Anti-fibrotic effects of M10 in a mouse model of interstitial lung disease

Caption: Lung tissue isolated from mice that received bleomycin is characterized by extensive infiltration of inflammatory cells, thickening of the alveolar walls, and multiple fibrotic lesions with excessive amounts of extracellular matrix proteins (left). Lung tissue from mice receiving bleomycin + M10 shows significant reduction of cellular infiltrates, decreased thickness of alveolar septa, and reduced accumulation of extracellular matrix proteins (right). Images courtesy of Galina S. Bogatkevich, M.D., Ph.D. Reproduced from Translational Research (, Volume 170, April 2016, Pages 99–111, with permission from Elsevier.

Summary: Investigators at the Medical University of South Carolina report preclinical findings showing that the M10 peptide reduces collagen production and reverses fibrotic damage due to systemic sclerosis (SSc)–associated interstitial lung disease (ILD) in the April 2016 issue of Translational Research. ILD is one of the deadliest complications of SSc, a chronic autoimmune disease characterized by vasculopathy, autoimmunity, and excessive collagen production and deposition. Lung fibrosis carries a high risk of morbidity/mortality in SSc patients.


The results of preclinical studies by investigators at the Medical University of South Carolina (MUSC) reported in the April 2016 issue of Translational Research suggest that the M10 peptide could help protect against fibrotic damage in patients with systemic sclerosis, particularly in those who develop interstitial lung diseases (ILD), its deadliest complication.

Fibrotic diseases, which are characterized by excessive scarring due to overproduction by fibroblasts of collagen or extracellular matrix, account for more than 45% of U.S. deaths—more than cancer—and are estimated to cost $10 billion annually. Despite the prevalence of fibrotic diseases, only a handful of anti-fibrotic agents have been approved by the U.S. Food and Drug Administration, and none is available for systemic sclerosis.

In many ways, systemic sclerosis is the quintessential fibrotic disease, since its scarring can damage any part of the body. “Systemic sclerosis is often more than skin deep, affecting the gastrointestinal tract, the lungs, the heart, the kidneys, and the blood vessels, so it is a model for many other more prevalent fibrotic diseases,” says Richard M. Silver, M.D., Director of the Division of Rheumatology and Immunology at MUSC and a co-author on the article. “Whereas there may be 300,000 Americans with scleroderma/systemic sclerosis, millions of others suffer from fibrosis of these other organ systems.”

M10 is a ten-amino acid peptide formed from the natural cleavage of the receptor tyrosine kinase MET by the caspase 3. MET, also known as hepatocyte growth factor receptor, is thought to protect against injury and fibrosis, but the mechanisms by which it does so have remained unclear.

The MUSC investigators showed that M10 could protect against fibrotic injury in a bleomycin-induced model of ILD and that its anti-fibrotic effects are likely due to its modulation of the transforming growth factor beta 1 (TGF-?1) pathway. TGF-?1 is a cytokine that has been implicated in inflammation and fibrosis.

“We observed that treatment with M10 by intraperitoneal injection markedly improved bleomycin-induced lung fibrosis in mice, suggesting that the M10 peptide may have potential for use in the treatment of scleroderma-associated interstitial lung disease and other forms of pulmonary fibrosis, for example, idiopathic pulmonary fibrosis,” says Galina S. Bogatkevich, M.D., Ph.D., senior author on the Translational Research article. Lead authors for the article are Ilia Atanelishvili, M.S., of MUSC and Yuichiro Shirai, M.D., Ph.D., who holds a dual appointment at MUSC and the Nippon Medical School.

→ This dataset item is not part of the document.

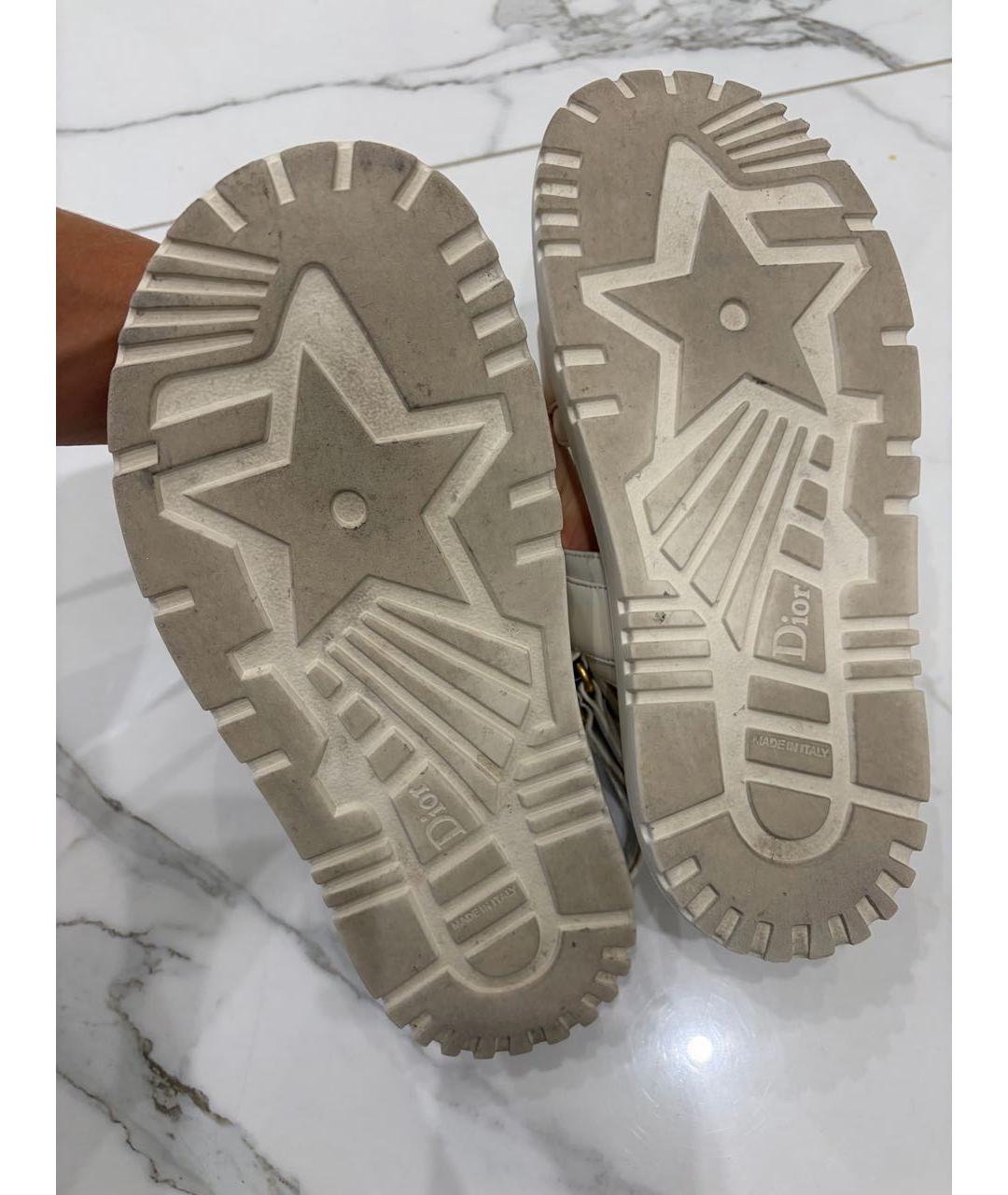 CHRISTIAN DIOR Бежевые кожаные сандалии, фото 4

When instilled intratracheally, bleomycin induces fibrotic changes in the lungs, including peribronchial and interstitial infiltration of inflammatory cells, thickening of alveolar walls, and the development of numerous fibrotic lesions with excess deposition of extracellular matrix protein. Using this bleomycin-induced model of lung fibrosis, the MUSC investigators evaluated the anti-fibrotic effects of M10, using a scrambled peptide as a control. The scrambled peptide had the same ten amino acids as M10 but arranged in a different order. Fibrosis was quantitated using the Ashcroft scale, which ranges from 0 (normal) to 8 (totally fibrotic).

As expected, mice receiving bleomycin plus a scrambled peptide showed greater than eight times more lung fibrosis than controls receiving saline and scrambled peptide (Ashcroft scores, 5.63±1.72 vs. 0.69± 0.35). However, Ashcroft scores dropped to 1.67±1.01 when mice were administered both bleomycin and M10, suggesting the anti-fibrotic potential of this peptide.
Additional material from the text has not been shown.